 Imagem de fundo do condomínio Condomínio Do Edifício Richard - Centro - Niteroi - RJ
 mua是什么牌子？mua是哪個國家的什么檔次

——

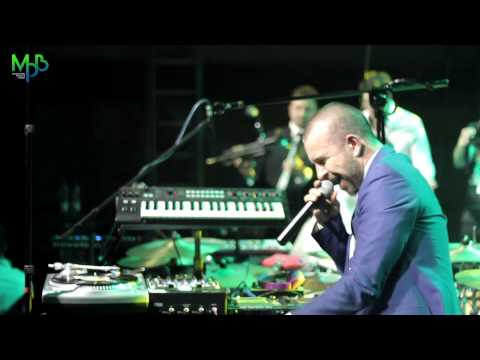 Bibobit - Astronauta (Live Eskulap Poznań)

——

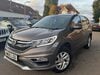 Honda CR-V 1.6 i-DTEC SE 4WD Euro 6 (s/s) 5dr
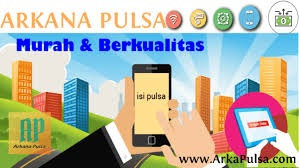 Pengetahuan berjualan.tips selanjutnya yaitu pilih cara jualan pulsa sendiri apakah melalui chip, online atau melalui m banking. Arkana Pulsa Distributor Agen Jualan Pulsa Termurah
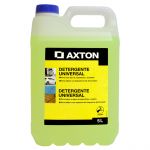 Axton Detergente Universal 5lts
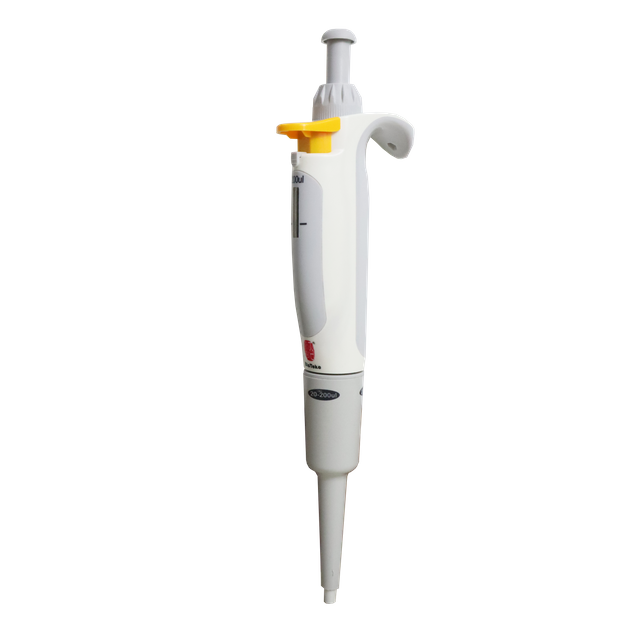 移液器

——

* [WORK INSTRUCTIONS] Print only what lies in the material above starting at the line with "Imagem de fundo" and ending at the line with "mua是什么牌子？mua是哪個國家的什么檔次", every line exactly as given.

* [SOLVED EXERCISE]
 Imagem de fundo do condomínio Condomínio Do Edifício Richard - Centro - Niteroi - RJ
 mua是什么牌子？mua是哪個國家的什么檔次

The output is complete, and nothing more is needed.